**What the exercise asks**
Only the stretch below from the line holding "troy bands-Dash freestyle" through the line holding "WhatsApp Image 2026 04 22 at 11.47.52" should be restated, word for word and with both ends included; pictures stay out.

(Captioned web image data)

::::

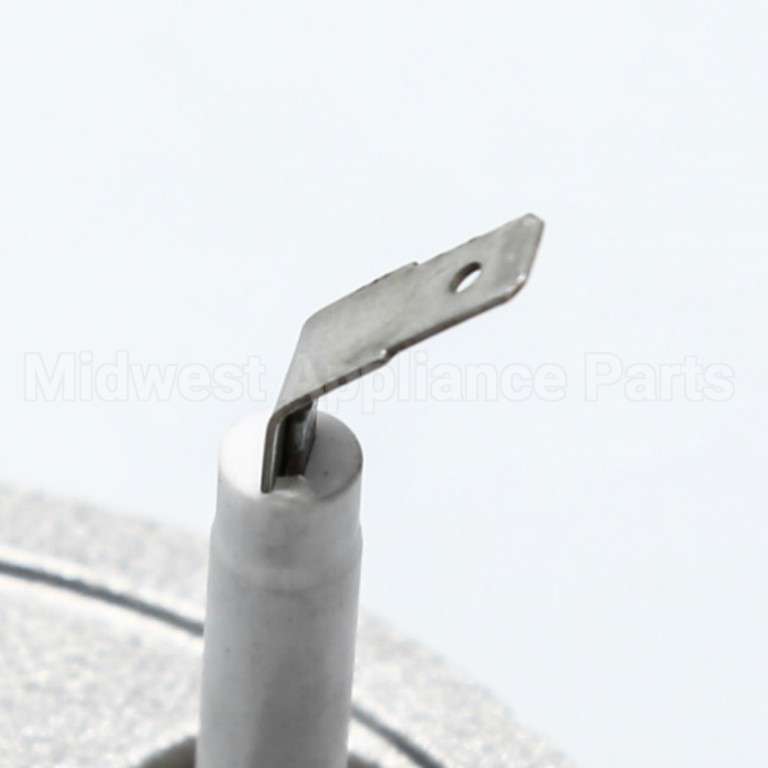 WPW10515454 Whirlpool Burnr-Head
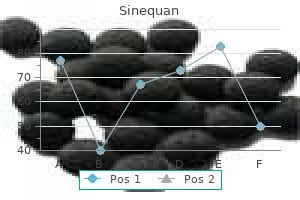 purchase 25mg sinequan otc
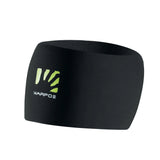 KARPOS PELMO ESSENTIAL HEADBAND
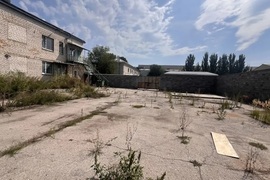Помещение 509 м² под склад, офис, база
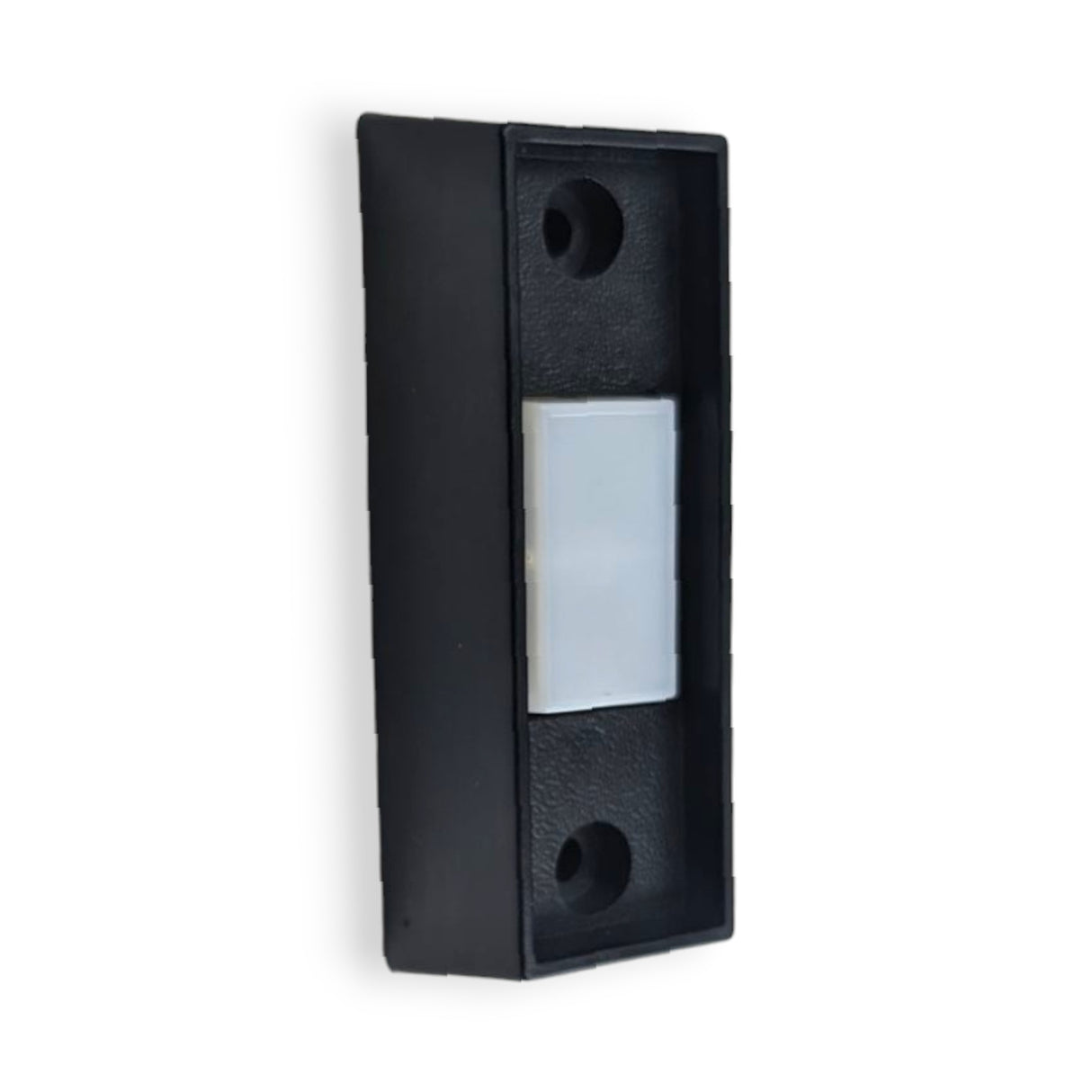 Genie Series I Wall Button | 36442A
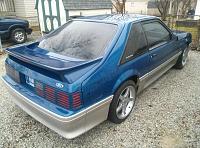 90 GT Hatchback... Ultra blue and Titanium?????-1-3-.jpg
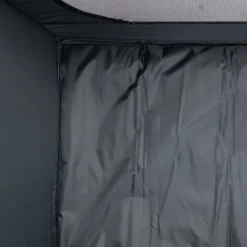 Puck Campingbedje Noor Outlet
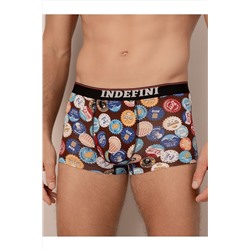 Трусы INDEFINI, 1216669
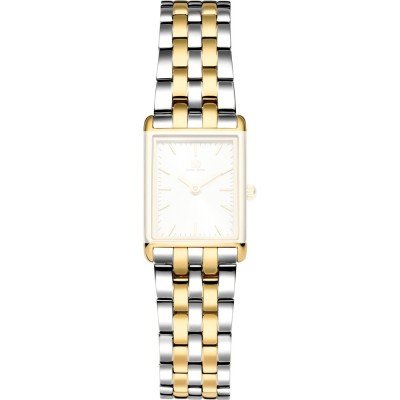 Bracelete Danish Design DD-BA-1299-03 Marie Petite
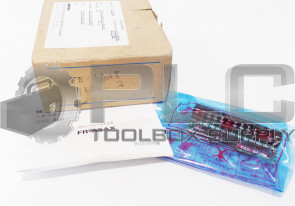 NEW MITSUBISHI FR-A5AX ENCODER FEEDBACK TERMINAL CIRCUIT BOARD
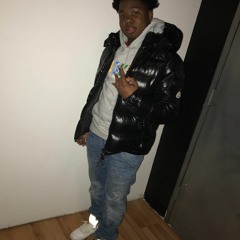 troy bands-Dash freestyle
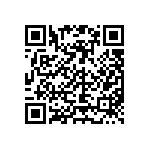 86093967815765ELF QRCode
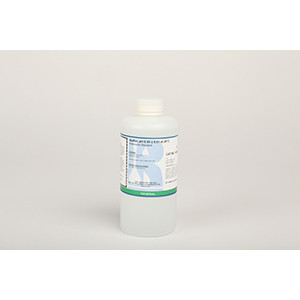 Buffer, pH 0.95-RC 1488-32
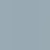 Обои Marburg Fresh Up 82353 10,05×0,53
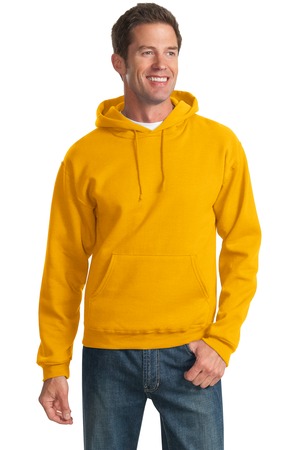 JERZEES – NuBlend Pullover Hooded Sweatshirt Style 996M 15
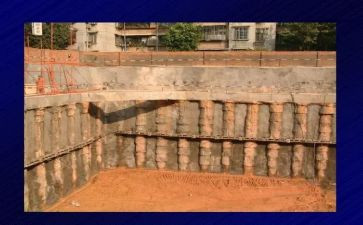 2022年七年级语文教学工作计划6篇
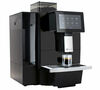 Kottea CK502 Pluton image number 0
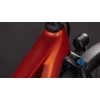 Kép 2/5 - cube-nuride-hybrid-pro-600-chilli-n-black-28-2026-ebike-kerekpar-110220-58-2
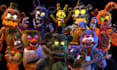 port, create custom sfm model, fnaf model, tf2, l4d2, vrchat acatar, 3d model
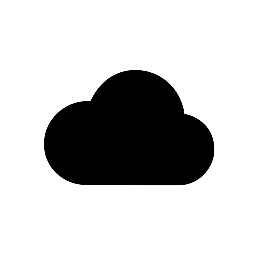 Beyond Digital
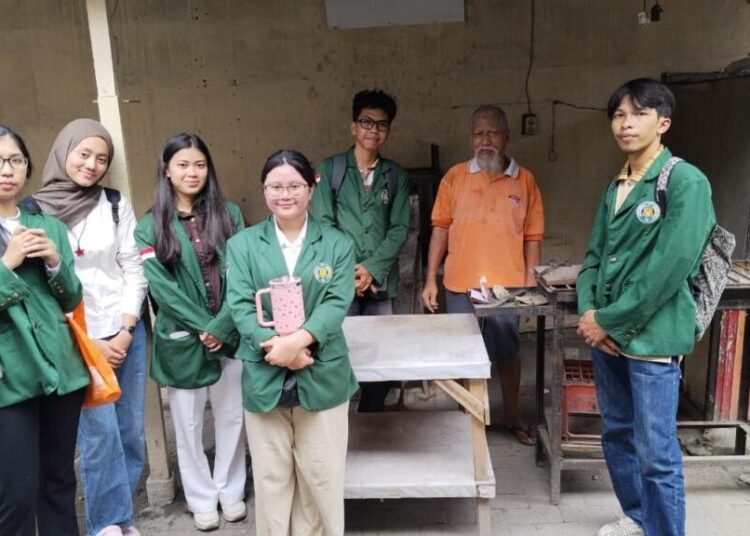 WhatsApp Image 2026 04 22 at 11.47.52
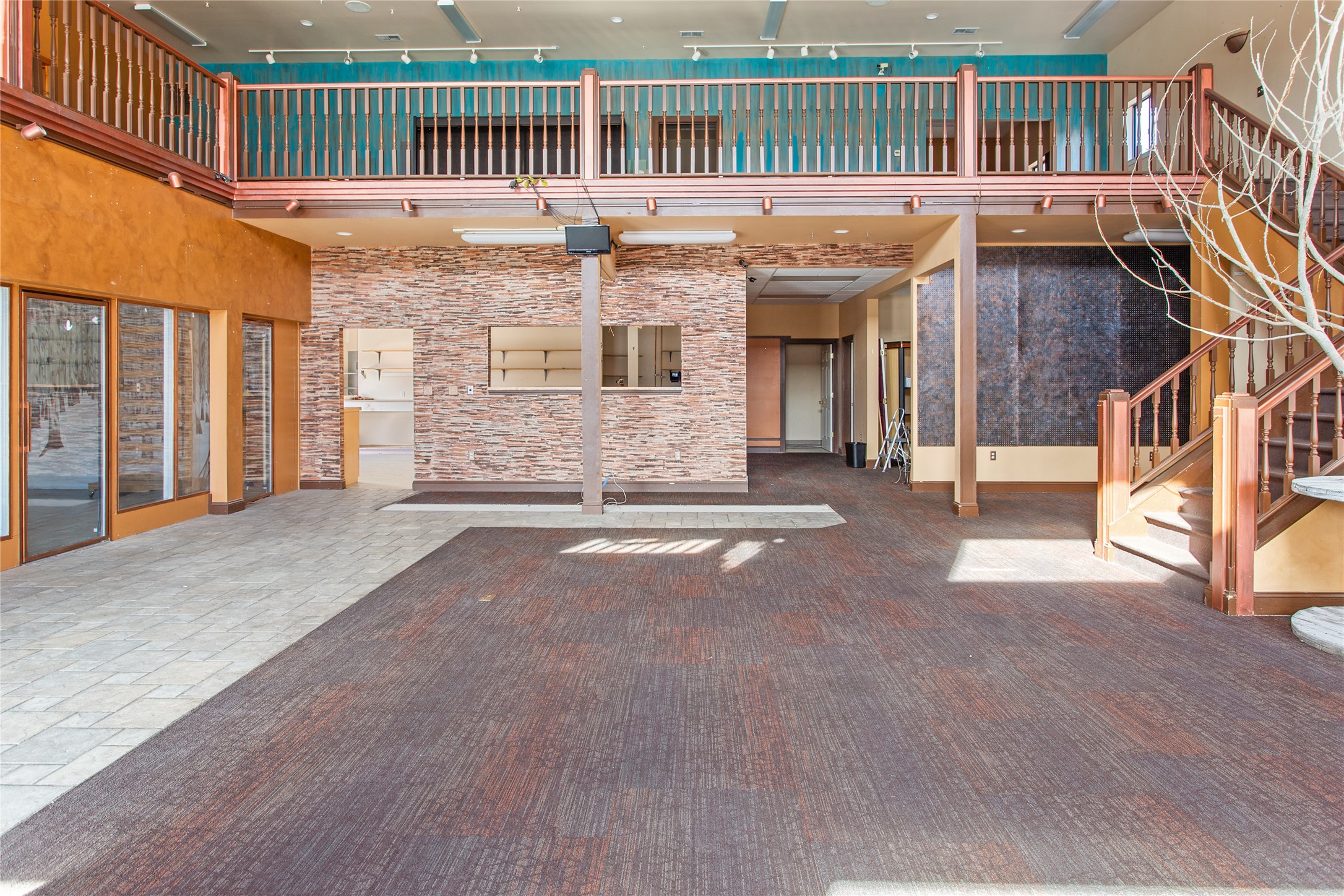 Butte, Montana 59701, United States, ,Commercial,Active,35782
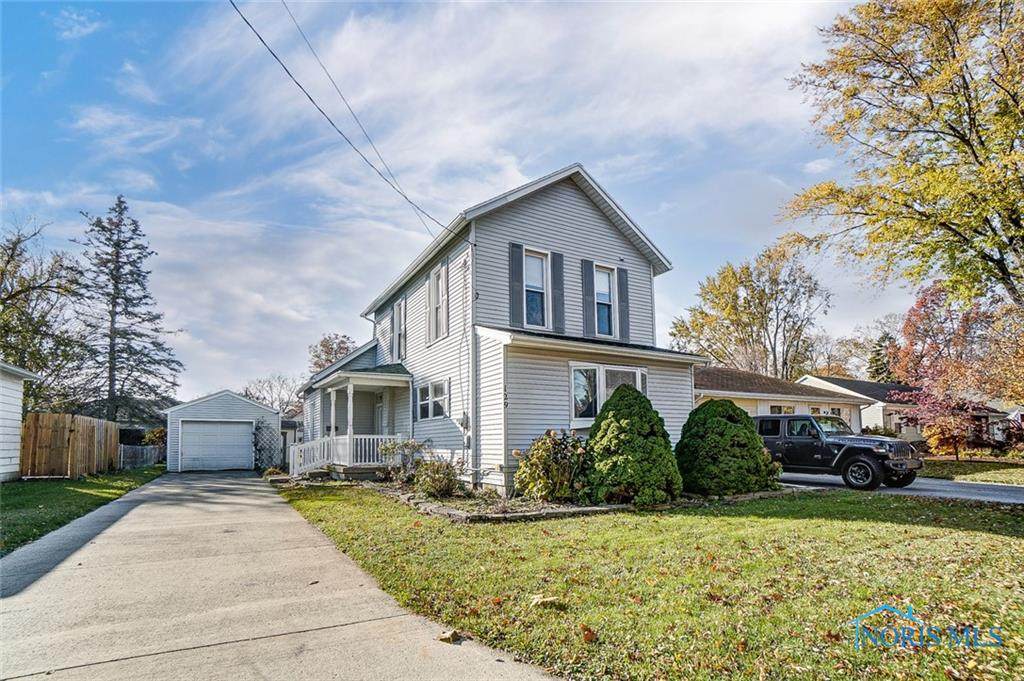129 Wolfly Avenue - Photo 1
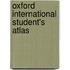 Oxford International Student's Atlas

::::

**Solution to the exercise**
 troy bands-Dash freestyle
 86093967815765ELF QRCode
 Buffer, pH 0.95-RC 1488-32
 Обои Marburg Fresh Up 82353 10,05×0,53
 JERZEES – NuBlend Pullover Hooded Sweatshirt Style 996M 15
 2022年七年级语文教学工作计划6篇
 Kottea CK502 Pluton image number 0
 Kép 2/5 - cube-nuride-hybrid-pro-600-chilli-n-black-28-2026-ebike-kerekpar-110220-58-2
 port, create custom sfm model, fnaf model, tf2, l4d2, vrchat acatar, 3d model
 Beyond Digital
 WhatsApp Image 2026 04 22 at 11.47.52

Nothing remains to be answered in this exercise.